### Data shown:
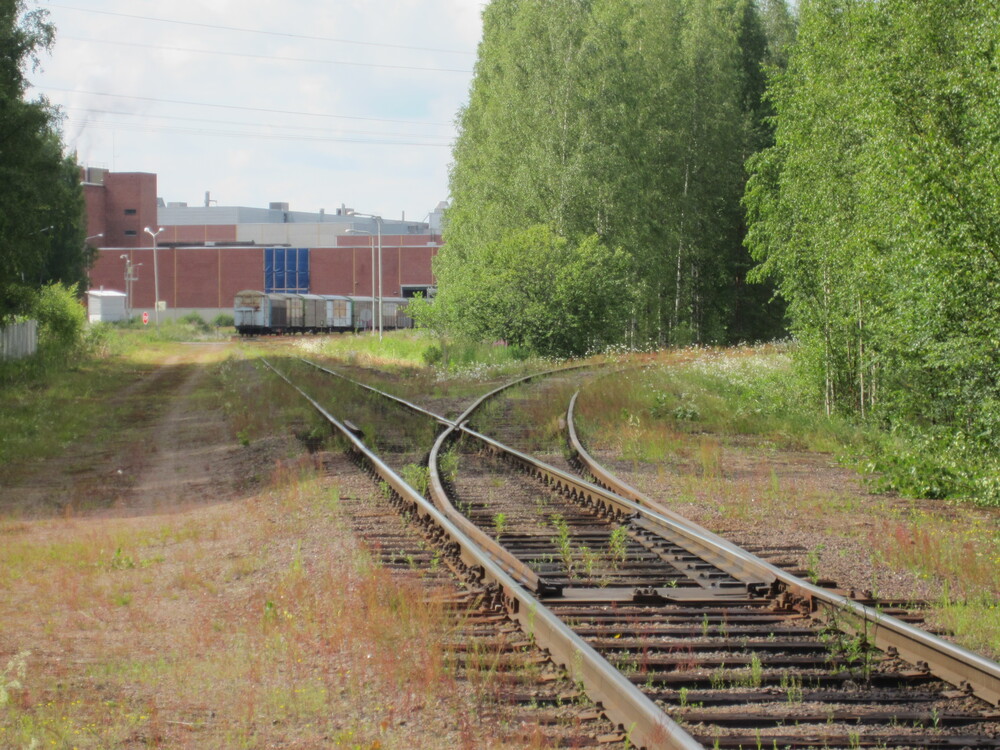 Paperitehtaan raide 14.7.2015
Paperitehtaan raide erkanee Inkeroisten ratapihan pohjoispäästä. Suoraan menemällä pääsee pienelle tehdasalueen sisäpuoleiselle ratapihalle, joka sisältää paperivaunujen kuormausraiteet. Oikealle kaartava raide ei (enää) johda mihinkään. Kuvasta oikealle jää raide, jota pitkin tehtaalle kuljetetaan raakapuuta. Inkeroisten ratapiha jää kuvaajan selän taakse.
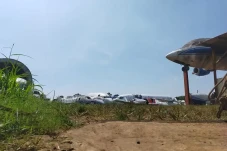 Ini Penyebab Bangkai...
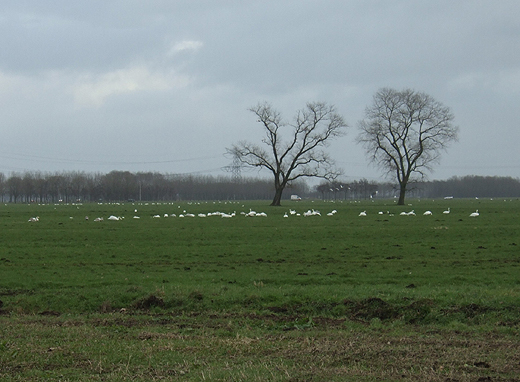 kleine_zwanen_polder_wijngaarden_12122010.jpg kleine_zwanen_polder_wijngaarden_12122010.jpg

---

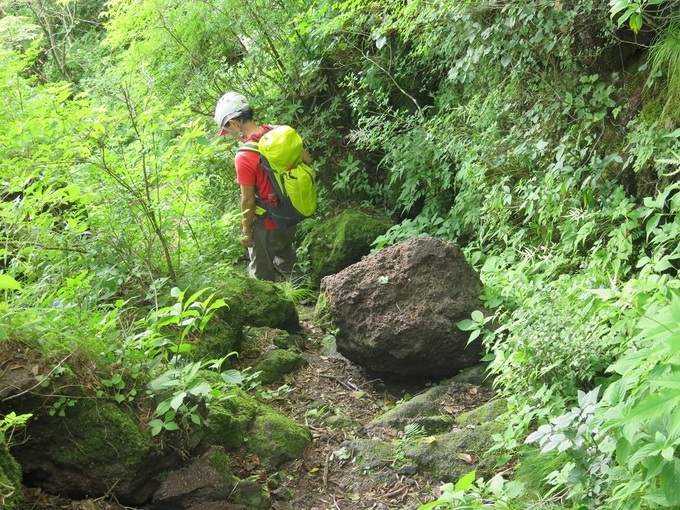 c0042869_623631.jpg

### Problem statement:
Pictures excluded, give again exactly and only the lines of the material above from the line with "Paperitehtaan raide 14.7.2015" through the line with "Ini Penyebab Bangkai...".

### Result:
 Paperitehtaan raide 14.7.2015
Paperitehtaan raide erkanee Inkeroisten ratapihan pohjoispäästä. Suoraan menemällä pääsee pienelle tehdasalueen sisäpuoleiselle ratapihalle, joka sisältää paperivaunujen kuormausraiteet. Oikealle kaartava raide ei (enää) johda mihinkään. Kuvasta oikealle jää raide, jota pitkin tehtaalle kuljetetaan raakapuuta. Inkeroisten ratapiha jää kuvaajan selän taakse.
 Ini Penyebab Bangkai...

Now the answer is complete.